The developments in Punjab, which have rapidly moved from crisis to farce, epitomise the challenges faced by the Congress Party as it attempts to reinvent itself. Its attempt to do in Punjab what the BJP pulled off with ease in Gujarat – replacing an increasingly unpopular chief minister with a new face to beat the anti-incumbency factor ahead of upcoming polls – has come spectacularly unstuck.
First, its bid to create a dual power structure in Punjab, with Captain (retd) Amarinder Singh as Chief Minister and former cricketer-turned-maverick politician Navjot Singh Sidhu blew up in its face when Amarinder Singh resigned in a huff. It thought it had pulled off a social engineering masterstroke by appointing a Dalit Sikh, Charanjit Singh Channi, as chief minister, with a Jat Sikh, Sukhjinder Singh Randhawa, and a Hindu, Om Prakash Soni, as his deputies, thus neatly ticking the boxes for the major caste groupings in the state.
However, that plan appears to have unravelled, with Sidhu quitting in a huff over lack of say in these appointments, and a furious Amarinder Singh holding an ominous meeting with the BJP’s Amit Shah. With elections just a year away, the party is in a shambles in one of the last key states in which it is in power.
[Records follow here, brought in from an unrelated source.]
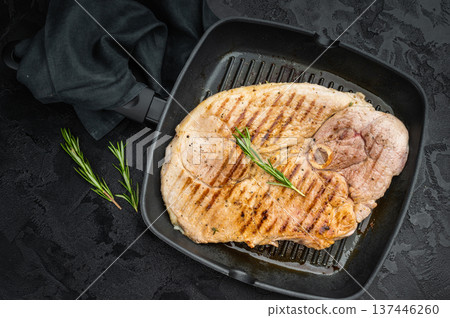 Grilled bone in pork shoulder in grill pan with rosemary on dark textured background juicy cooked meat with grill marks and copy space 137446260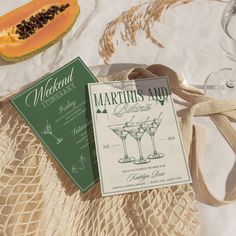 there are two menus on the table next to some wine glasses and a cantaloupe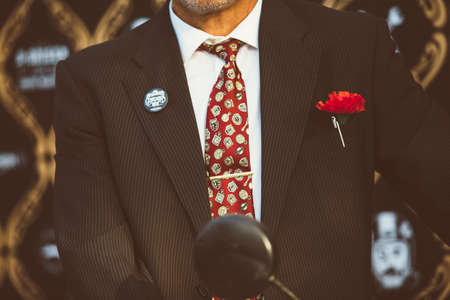 ALICANTE, SPAIN - SEPTEMBER 25, 2016: Cropped view of a motorbike racer are sitting on his moto with a flower in the pocket of his jacket on the Distinguished Gentleman's Ride day, a global fundraiser for prostate cancer and men's health investigationのeditorial素材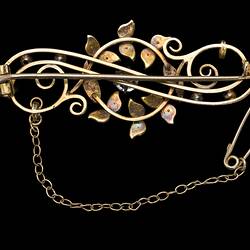 Back of central gold circle overlaying gold scroll. Fine chain and pin at left.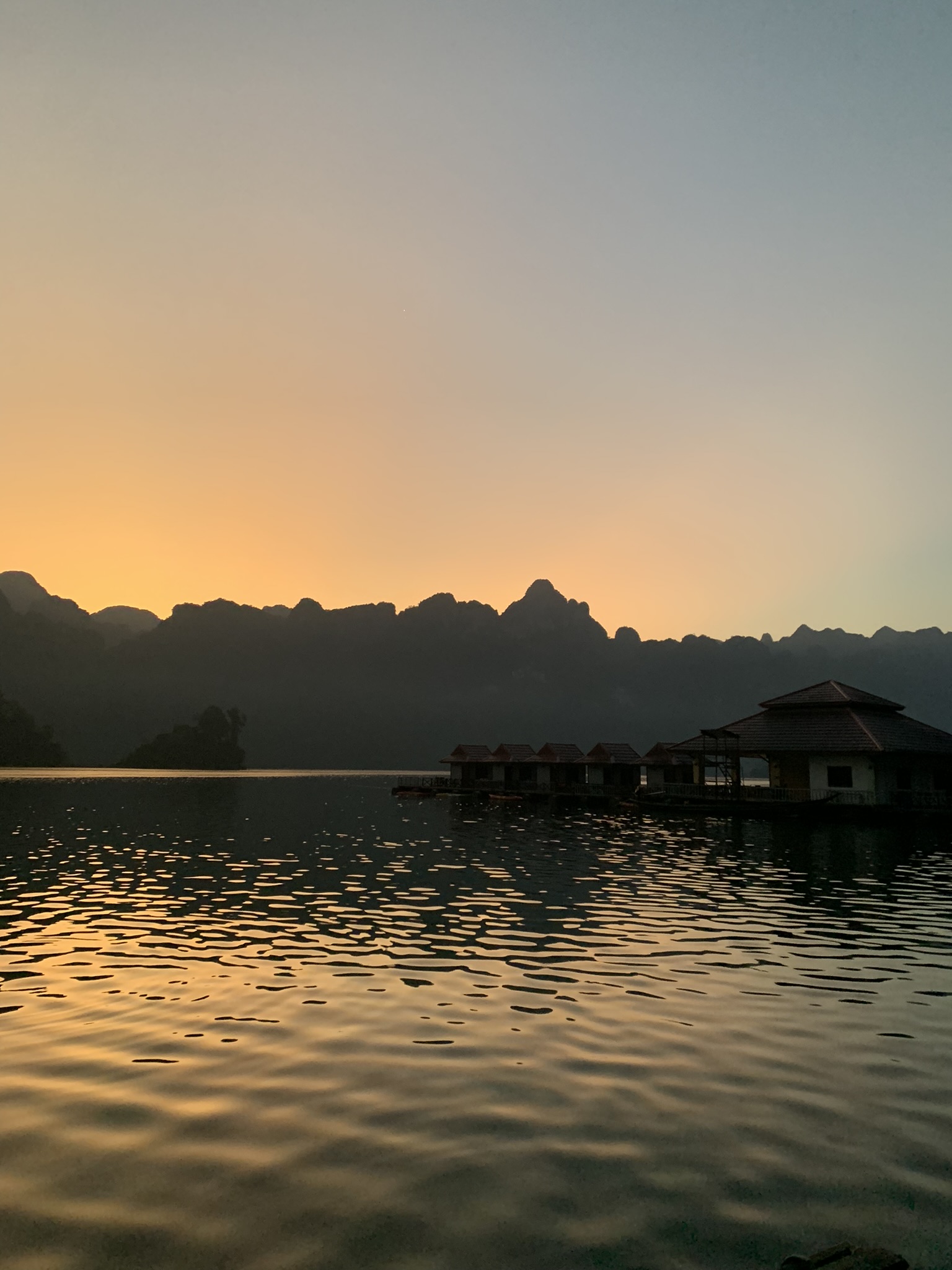 Sfeervolle zonsondergang boven de bergen en drijvende huisjes van Khao Sok National Park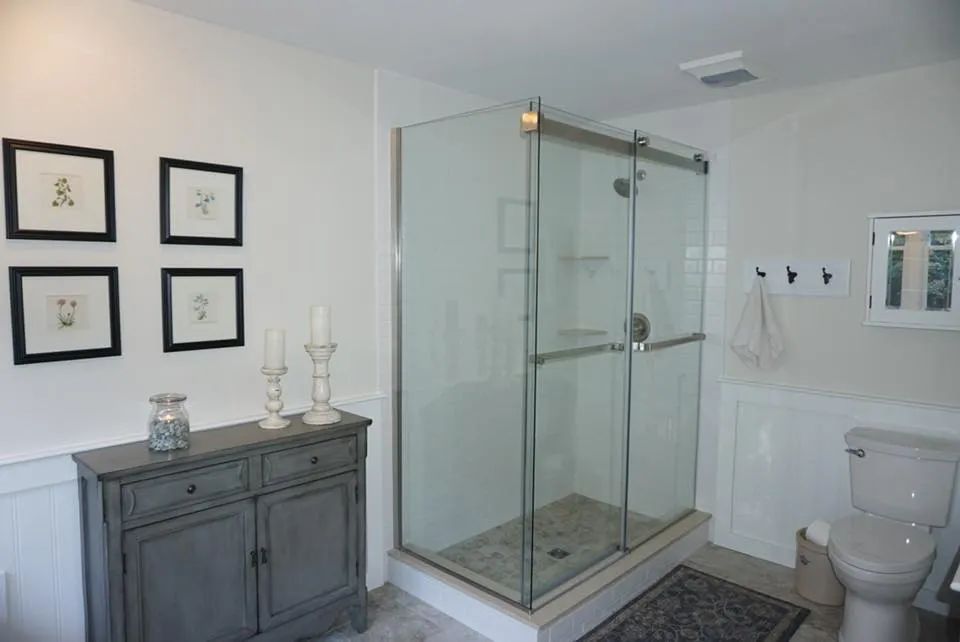 A bathroom with a toilet and a walk in shower.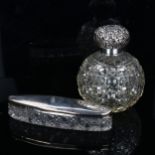 An Edwardian silver-topped glass dressing table toilet jar, and another torpedo example (2) Both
The Congress is facing a crisis on multiple fronts. Serial defeats in successive elections, a rapidly eroding support base and growing defections and rebellion in the ranks are just the more serious challenges faced by the once grand old party. But perhaps the most serious challenge it faces is its crisis of leadership. The Punjab imbroglio exemplifies the disconnect that the party’s leadership – read the triumvirate of Sonia Gandhi, Rahul Gandhi and Priyanka Gandhi Vadra, with Rahul Gandhi wielding most of the executive power – has with ground realities.
It was obvious to all but the trio that Sidhu was both an unsuitable and an unreliable choice as the party’s state unit chief. The growing distance between the party’s old guard, particularly the group of 23 senior leaders who demanded a complete organisational revamp in their letter to Sonia Gandhi a year ago, as well as the younger non-family leadership which feels stifled by the Gandhi siblings, is creating further rifts. The departure of once-trusted aides Jyotiraditya Scindia and Jitin Prasada, as well as Sachin Pilot’s rebellion in Rajasthan, should have served as a wake-up call. It hasn’t, with Rahul continuing to enjoy absolute power without accountability.
Rahul Gandhi appears to be convinced that the only way to revive the Congress is to purge it of ‘deadwood’ (read the old guard), bring in new talent laterally – as the induction of left leaders Jignesh Mewani and Kanhaiya Kumar showed – and return to its socialist, pro-poor roots. But he appears to have forgotten that parties and grassroot structures cannot be built in a day and that without recognising – and managing – regional leaders and their ambitions, no political party hoping for a national presence can sustain in the long run. Change, like charity, begins at home.